Dabei assoziierte Kresnik immer häufiger Motive aus realen Biografien und Werken. Nicht nur Hassfiguren wie Ernst Jünger tauchten in seinen Arbeiten in Bremen, Berlin, Heidelberg, Bonn oder Wien auf, auch mit ihren wirkungsvollen Namens-Titeln: „Ulrike Meinhof“, Sylvia Plath“ (über die durch Selbstmord geendete amerikanische Poetin), „Rosa Luxemburg“, „Pasolini“, „Picasso“ oder „Frida Kahlo“. Gerade für die mexikanische Malerin des körperlichen Schmerzes und früher Versehrung fand Kresnik 1992 in Bremen enorme Bilder, tanzend und schwirrrend zwischen Alpträumen und Wunschvisionen, zwischen Politik und aus der Malerei in gestische Poesie übersetzten Szenen.
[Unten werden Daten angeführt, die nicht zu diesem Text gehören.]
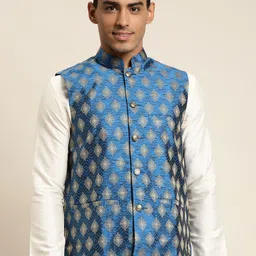 SOJANYA Men Blue Woven Design Jacquard Nehru Jacket-42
Mit Hannelore Kohl, der er nach ihrem Selbstmord in Bonn einen Abend widmete, war das schon schwieriger.

Ein Schock fürs Publikum, doch die letzte Aufführung war ein Triumph

Manche Künstler werden im Alter jedoch nicht formvollendeter. Johann Kresnik, der Formensprenger, hatte seinen Bewunderern 2015, als scheiternder Heimkehrer, den hierauf endgültigen Abschied von Berlin und der Volksbühne eher leicht gemacht. Das lag an seinem frei nach Pasolinis De-Sade-Film gefertigten Stück „Die120 Tage von Sodom“. Weil es um faschistische Machogreuel und sexuelle Gewaltfantasien gehen sollte, wurde es zu einer Mischung aus Blut, Schweiß und Urin, neben vielen lachhaften oder abgeschmackten Beliebigkeiten war’s eine schon vor allen MeToo-Debatten schwer erträgliche, oft sehr krude Ausbeutung nackter Körper, vor allem von jungen Frauen. Seitdem hatte man von Kresnik, der sich nach Österreich zurückgezogen hatte, trotz weiterer Arbeiten etwa in der Pina-Bausch-Stadt Wuppertal eher wenig gehört.
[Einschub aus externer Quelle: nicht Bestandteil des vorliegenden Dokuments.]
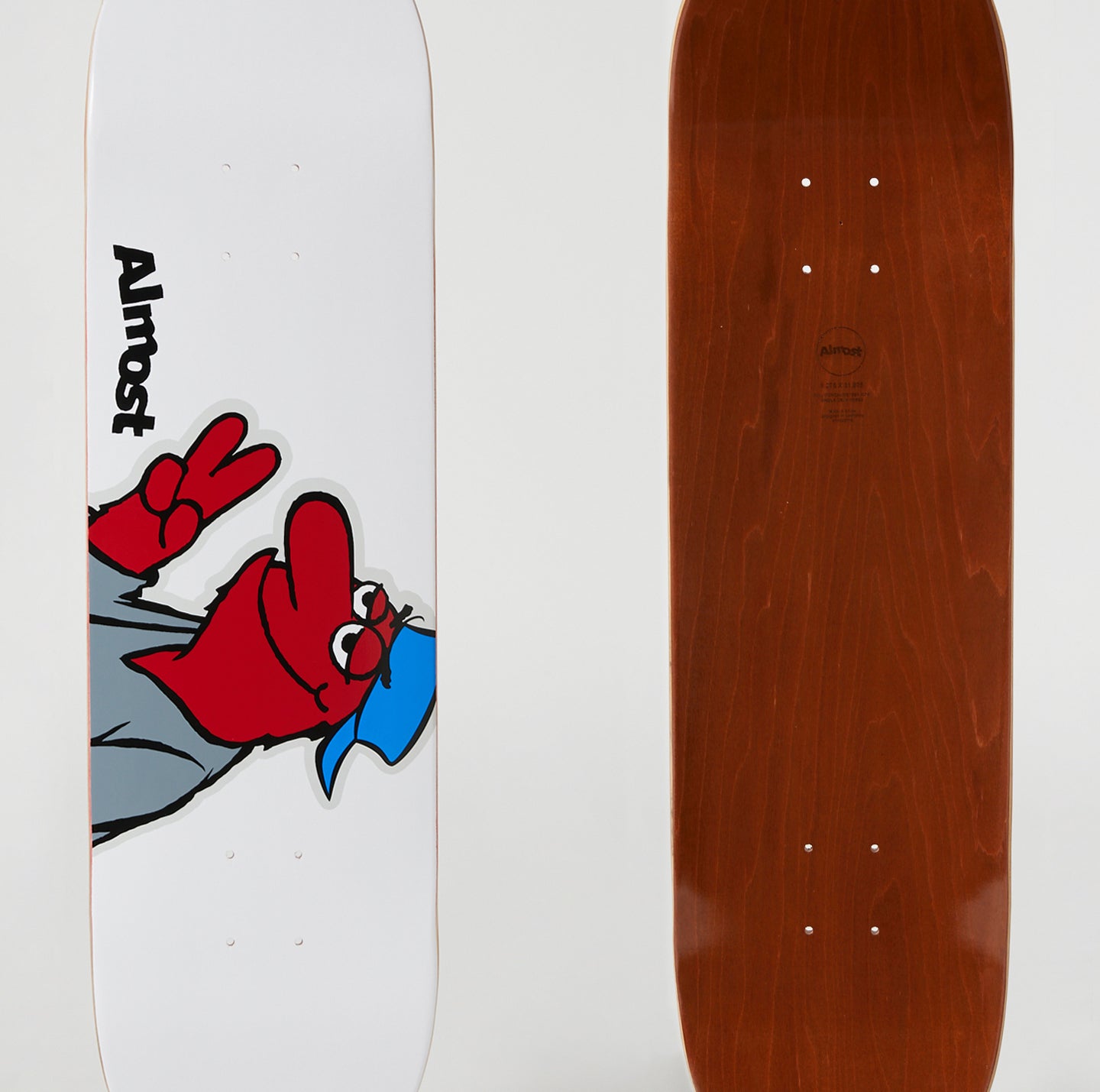 Almost - Skateboard - Deck - Red Head Hyb 8.375" (White) Deck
Nun aber der plötzliche Tod – nachdem er vor vier Wochen in Wien noch voll offenbar frischer Energien das „Impuls“-Tanzfestival eröffnet hat: mit einer Rekonstruktion seines schon 1988 in Heidelberg uraufgeführten, in den Szenenbildern des Wiener Malerfreunds Gottfried Helnwein komponierten Tanzstücks „Macbeth“. Diese ganz freie Adaption der shakepearischen Figur gehört bis heute zu den Meisterwerken. In einem klinisch hellen Raum voller Blutbahnen tanzt ein sehr kleiner Mörderkönig als grausames, grausam verstörtes Kind in viel zu großen Stiefeln durch eine Alptraumwelt und endet in einer Badewanne. Gereinigt durch den eigenen Tod. Aber es war das Bild auch des toten Politikers Barschel in der Wanne eines Genfer Hotelzimmers. Ein Schock für das Publikum. Doch die später auch beim Berliner Theatertreffen umjubelte Aufführung war ein Triumph. Eine offene Wunde, ein vieldeutiges Wunder.